All in all, not a great season for the Phillies. But in typical fashion, the team somehow managed to do both everything and nothing they were projected to do.
Let’s revisit some of the shockingly accurate and inaccurate preseason predictions made about the Phillies…
TRUE: The Phillies were an enigma, as was their division
Looking back on some of the preseason predictions, it’s absolutely perfect that The Ringer‘s power rankings of the Phillies opened with, “Zero idea what to make of this team.” After a full season, I still don’t know what to make of them, either. Where they went wrong was praising Aaron Nola, Didi Gregorius, Brandon Kintzler (?!), Matt Moore, and Zach Eflin.
Sports Illustrated was right on the money picking the Phillies’ exact record, but they thought the Atlanta Braves, Washington Nationals, and New York Mets would fare better, leaving the Phillies in fourth place. Baseball America also had them fourth, and did not predict that Harper would be one of the top-three NL MVP choices.
This says more about how whacky the NL East was this year than the Phillies’ actual talent. The Mets punted first place to the Phillies in early August and went on to collapse, while the Nationals sold off pretty much everyone not named Juan Soto. Ergo, Phillies in second place by default.
FALSE: The Phillies would finish under .500, but their bullpen would be better and Aaron Nola would be the ace
Ahead of Opening Day 2021, ESPN wrote that the Phillies would finish with a 76-86 record; they finished 82-80. They hadn’t been above .500 since 2011, and had only been at .500 a handful of times. They ended that streak by eking out one more win.
As for best-case scenario, they predicted that the Phillies’ “horror-show 2020 bullpen” would be watchable “without a blindfold in 2021.” Wrong! It was worse!
They also were 100% accurate about Girardi having to “churn through five different closers,” as Hector Neris, Jose Alvarado, Ranger Suárez, Ian Kennedy, and Archie Bradley each took turns, to name just a few.
The best-case scenario also included the rotation finding a “quality third wheel” behind Wheeler and Aaron Nola. Instead, Nola (and most of the pitching staff) had a terrible season while Ranger Suárez moved back to the rotation for the first time since 2018 and was incredible. You win some, you lose some.
TRUE: Bryce Harper would have an MVP season for the Phillies, but Alec Bohm would struggle
Last but not least in the positive part of their projections, ESPN’s Doolittle wrote that Bryce Harper would “remind[s] everyone of why he was once projected as a perennial MVP candidate.”
Ultimately, their bold prediction about Harper was spot-on: he had a “huge season,” but it was “not enough to get the Phillies into the postseason.” He finished the season leading MLB in a career-high 42 doubles, as well as slugging percentage, OPS, and OPS+.

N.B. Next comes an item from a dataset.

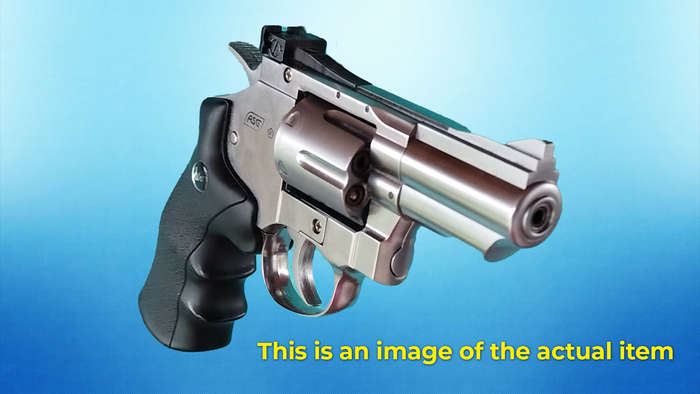 Asg Dan Wesson Revolver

However, the worst-case scenario section of the predictions was spot-on for Alec Bohm, whose sophomore slump was significant. ESPN dramatically predicted that he would commit 46 errors; he committed 16. They also wrote that the defense as a whole would show “the range of your average foosball table,” but the Phillies’ 94 errors were tied for 9th in MLB, and three of their division rivals committed more errors than they did.
What will it take for the Phillies to defy the odds in 2022? A real bullpen, for one thing. Really, though, it’s about letting Dave Dombrowski do what he does best: spend big to win big. I can almost guarantee that next year’s Phillies will be a very different team.